In the early days of Stack Overflow, Jeff Atwood and Joel Spolsky hosted a podcast covering the rationale behind their design decisions. In those early days, Jeff and Joel talked about the community of developers they wanted on Stack Overflow. One of my favourite recurring themes during this time was around griefing (and trolling). Joel offered this neat little analogy:
This is exploiting the system basically to play a different game than the game other people in the system want to play. You’ve got a bunch of people playing chess, but you want to play “Throw the chess pieces all over the park!”
You got the sense that Jeff and Joel wanted to create a welcoming place for all walks of developers. They had first hand experience with communities that had devolved over time. They thought Stack Overflow would need to rise above those issues to succeed.
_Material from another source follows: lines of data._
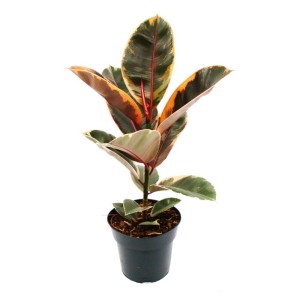 Rotbunter Gummibaum (Ficus Elastica Belize) im 17cm Topf mit auffälligen, mehrfarbigen Blättern.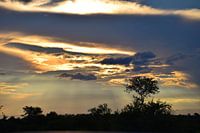 Zonsondergang in Zuid Afrika, Manyeleti Game Reserve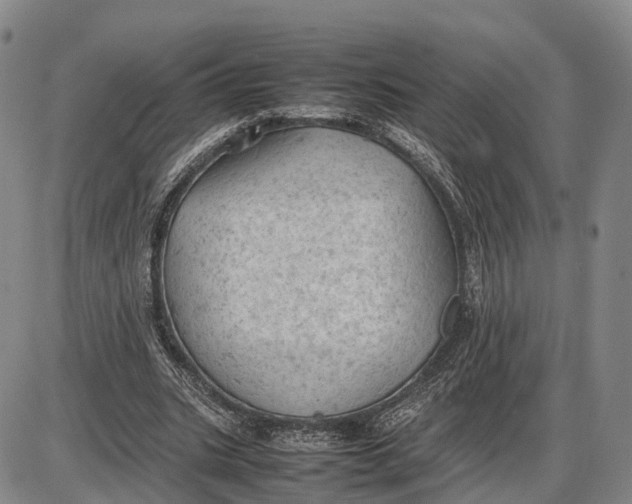 X0000085010535200703261157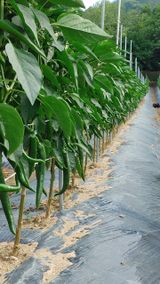 팜모닝 고추·영농일지 게시글 이미지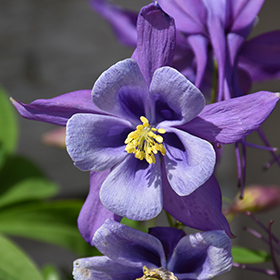 Plant Photo 1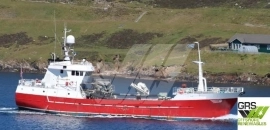 40m / Fish Carrier for Sale / #1057369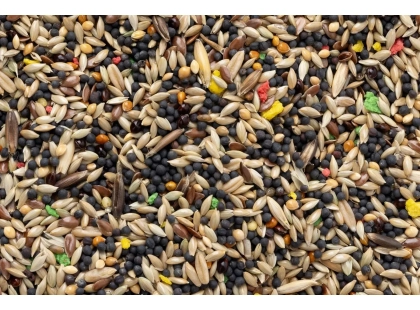 Фото 3 -  корм для птахів Перлина Степу Canary Mix зернова суміш корм для канарок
Fast forward a year or so and I decided to make a website to help settle arguments with my wife.
Yeah I know. What a stereotypical software engineer response. Disagreements with my wife? I need a website!
Picking a movie we both enjoyed was pretty difficult, we needed information to make the decision easier. So I made a movie rating website to determine if a movie was something that men liked, or one that women would prefer.
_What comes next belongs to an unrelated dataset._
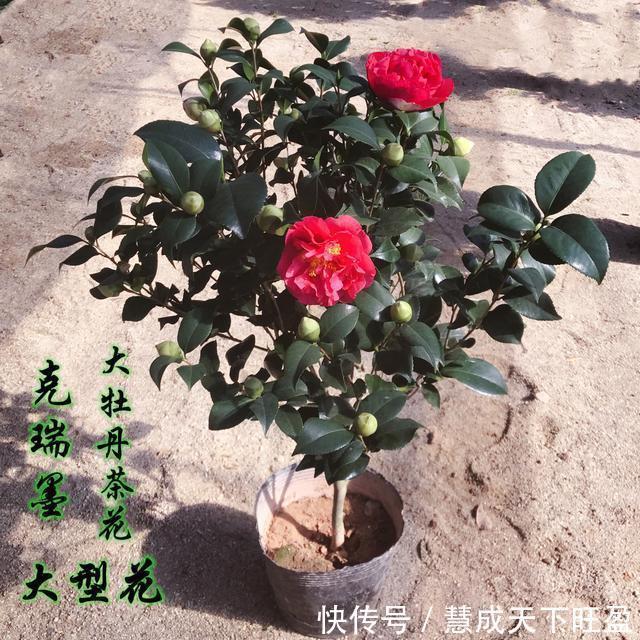 月季|放弃月季吧,此花浇水就能活,赛过牡丹,抗旱又扛冻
Seeing as the rating was all vote based, I wanted as many votes as possible. I didn’t want to watch Pride and Prejudice again, there had to be good stuff that we would both enjoy. So I designed the website with a low barrier to entry. It didn’t have any sign up requirements or captcha’s or anything like that. Just buttons for your voting preference.
With almost no checks in place, I wondered how long it would take before people started throwing chess pieces around the place. So a friend of mine submitted it to Reddit. Twenty minutes later ‘Debbie Does Dallas’ was the number one film women enjoyed. It had something like 100 times the votes of all the other films combined. For a grief, it was pretty hilarious.
So I installed a movie pre-populated blacklist and the request “No pornographic movies please.” It was enough to resolve the current forms of griefing. I was telling my friends about the improvements, and we talked about a more difficult test. We needed people from a place with little or no rules, a place where moderation or censorship is largely avoided. A few moments later it was on 4chan.
Well, things got interesting. Someone wrote a vote spamming script that would systematically reverse the lists. The script preserved vote the tallies exactly, but everything was back to front. Not as funny as the first grief, but impressive. Someone had put some real effort into griefing an obscure corner of the Internet I had created. More coding later, and I had some vote limits in place to reduce this sort of spamming.
I maintained the website till a few months ago, retiring it to focus on little projects I could build in a month. But the 4chan test for griefing is one I won’t forget. Need to find unexpected sources of griefing? Just paint a target on your project and take it to the corners of the Internet with little or no rules.
* Awesome sketch by Nicholas Allen.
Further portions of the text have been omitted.